Step IV, feature map L 4-0 And omega 2 The output characteristic diagram is cascaded to obtain L 4-5 。
V, supplementing deep image information, model omega to L 3-c And L 4-5 Carrying out cascade processing to obtain a characteristic diagram L 4-6 And performing a channel compression operation to obtain L 4-c 。
VI, comparing the characteristic diagram L 4-c Performing deconvolution operation and upsampling operation, and comparing with the feature map L 3-c Cascading to obtain a characteristic diagram L 3-u . For feature map set { L 3-u ,L 2-c And { L } 2-u ,L 2-c Repeating the step VI to obtain L in sequence 2-u And L 1-u 。
Step VII, to L 1-u Performing deconvolution processing to obtain a feature map K of the convolution layer c (m, n), wherein c represents the number of channels of the feature map, and (m, n) represents the number of rows and columns of the image. To K c Performing dimension transformation to obtain K 1 Where 1 indicates that the result obtained is a single channel vector. Add classifier Γ = { K ] after convolutional layers 1 ,2}. T is the input feature vector K 1 Two classifications are made. Preferably, the classifier Γ may be defined as:
wherein f is i For the output vector of the convolutional layer, exp () is the logarithm function, F (F) i ) And outputting the classification result. As a binary task, F (F) i ) Has an output range of [0,1 ]]And represents the probability of the pixel (m, n) changing. And carrying out binarization on the change probability results of all pixels to obtain a prediction result CM of change detection.
Preferably, the model training step uses a loss function consisting of a two-class cross-entropy loss function E bce And Dice coefficient loss function E dc In combination of wherein E bce And E dc Can be defined as:
wherein N is an image I 1 The total number of pixels. y is n=1 Indicating the number of pixels that change in the image. y is n=0 Indicating the number of pixels unchanged. p is a radical of formula n Indicating the probability of change.
Wherein Y represents a given variation diagram true value,
a graph showing the predicted change results.
Preferably, the loss function used in the model training process may be defined as:
E=E bce +λE dc
wherein λ is a weight control parameter for regulating E bce And E dc To each other. Preferably, it is set to 0.5.
The training process needs iteration, loss functions are reduced and network performance is improved by continuously updating model parameters until an iteration stop condition is met.

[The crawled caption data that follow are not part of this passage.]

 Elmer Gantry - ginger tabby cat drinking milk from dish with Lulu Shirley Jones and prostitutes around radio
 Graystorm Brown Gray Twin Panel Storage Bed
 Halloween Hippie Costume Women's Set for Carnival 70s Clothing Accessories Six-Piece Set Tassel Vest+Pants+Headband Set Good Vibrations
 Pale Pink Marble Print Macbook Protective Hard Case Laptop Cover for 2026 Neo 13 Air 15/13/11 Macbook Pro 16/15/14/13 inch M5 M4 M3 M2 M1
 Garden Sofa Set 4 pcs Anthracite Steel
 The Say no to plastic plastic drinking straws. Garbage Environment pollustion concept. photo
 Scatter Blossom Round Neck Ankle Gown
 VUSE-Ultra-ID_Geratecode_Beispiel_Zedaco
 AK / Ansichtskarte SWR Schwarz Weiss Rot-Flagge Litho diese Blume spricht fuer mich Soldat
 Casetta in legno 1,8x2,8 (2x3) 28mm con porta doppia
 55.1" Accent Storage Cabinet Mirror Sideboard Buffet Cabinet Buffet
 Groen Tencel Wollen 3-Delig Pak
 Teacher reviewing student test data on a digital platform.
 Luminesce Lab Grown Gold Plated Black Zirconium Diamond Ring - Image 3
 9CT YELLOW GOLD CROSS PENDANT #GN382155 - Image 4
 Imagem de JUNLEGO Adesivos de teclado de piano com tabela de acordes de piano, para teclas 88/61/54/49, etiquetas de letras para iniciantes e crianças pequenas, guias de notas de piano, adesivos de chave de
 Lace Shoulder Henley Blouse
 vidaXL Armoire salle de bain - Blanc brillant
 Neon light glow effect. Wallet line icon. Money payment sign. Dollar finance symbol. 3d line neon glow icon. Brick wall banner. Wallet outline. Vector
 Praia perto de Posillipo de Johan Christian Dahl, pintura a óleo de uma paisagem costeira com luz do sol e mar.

And (3) model prediction, namely fixing the network phi, and carrying out change detection on each pair of images to be detected to obtain a change detection result graph CM of the corresponding size. Fig. 4 is a diagram showing the true value of the change detection and the result of the change detection of the images 1 and 2 obtained by the method of the present invention.
It should be understood that the above examples are only for clarity of illustration and are not intended to limit the embodiments. Other variations and modifications will be apparent to persons skilled in the art in light of the above description. This need not be, nor should it be exhaustive of all embodiments. And obvious variations or modifications therefrom are within the scope of the invention.